Alcune di queste preparazioni erano chiamate arròs a la paella (letteralmente "riso in padella"), o semplicemente paella. Col tempo si è affermato l'uso del termine paella per indicare anche la ricetta in cui viene preparata.
La paella è di forma circolare, e si differenzia da altre padelle, oltre che per le due impugnature laterali, per le sue dimensioni. La profondità è di circa cinque-sei centimetri, mentre il diametro varia in base al numero di commensali: indicativamente, per 4 persone si usa una paella da 45 cm, per 10 persone quella da 1 metro. In occasioni particolari, per esempio per sagre paesane o feste di beneficenza, si possono vedere all'opera paelles di dimensioni gigantesche, che superano i 2 metri di diametro.
La paella nacque come piatto umile della cucina popolare della campagna della Comunità Valenciana e delle cambuse dei pescherecci. Veniva preparato in casa, condito con gli ingredienti a disposizione. Alla fine del XIX secolo cominciò ad essere proposto nei menù delle osterie e dei chioschi delle spiagge di Valencia e Alicante.
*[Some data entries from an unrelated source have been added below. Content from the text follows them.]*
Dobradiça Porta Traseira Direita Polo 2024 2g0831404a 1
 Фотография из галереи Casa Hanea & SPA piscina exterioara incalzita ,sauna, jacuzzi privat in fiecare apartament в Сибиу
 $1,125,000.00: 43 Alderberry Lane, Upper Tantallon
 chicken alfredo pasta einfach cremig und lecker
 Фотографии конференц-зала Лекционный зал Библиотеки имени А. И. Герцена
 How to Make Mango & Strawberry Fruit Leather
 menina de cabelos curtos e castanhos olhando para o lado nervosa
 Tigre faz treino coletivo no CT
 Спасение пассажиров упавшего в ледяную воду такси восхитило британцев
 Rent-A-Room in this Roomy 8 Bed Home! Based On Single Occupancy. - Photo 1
La cucina valenciana è rinomata per i piatti a base di riso. Tra le numerose versioni della paella, si possono citare arròs a banda (riso allo zafferano servito con zuppa di pesce e salsa allioli), arròs amb fesols i naps (riso con fagioli e rape), arròs al forn (riso al forno), arròs amb costra (riso in crosta) e una delle preparazioni tipiche della provincia di Alicante, soprattutto dell'entroterra: l'"arròs amb conill i caragols" (riso con coniglio e lumache). Si tratta di ricette molto antiche; una preparazione simile, l'arròs en cassola al forn, compare già nel Llibre de Coch di Robert de Nola del 1520.
In Spagna la paella è tuttora percepita come specialità regionale valenciana, pur essendo diffuso il suo consumo nelle altre zone del paese. A livello internazionale, la paella è associata indissolubilmente alla cucina spagnola, di cui è una delle preparazioni più note.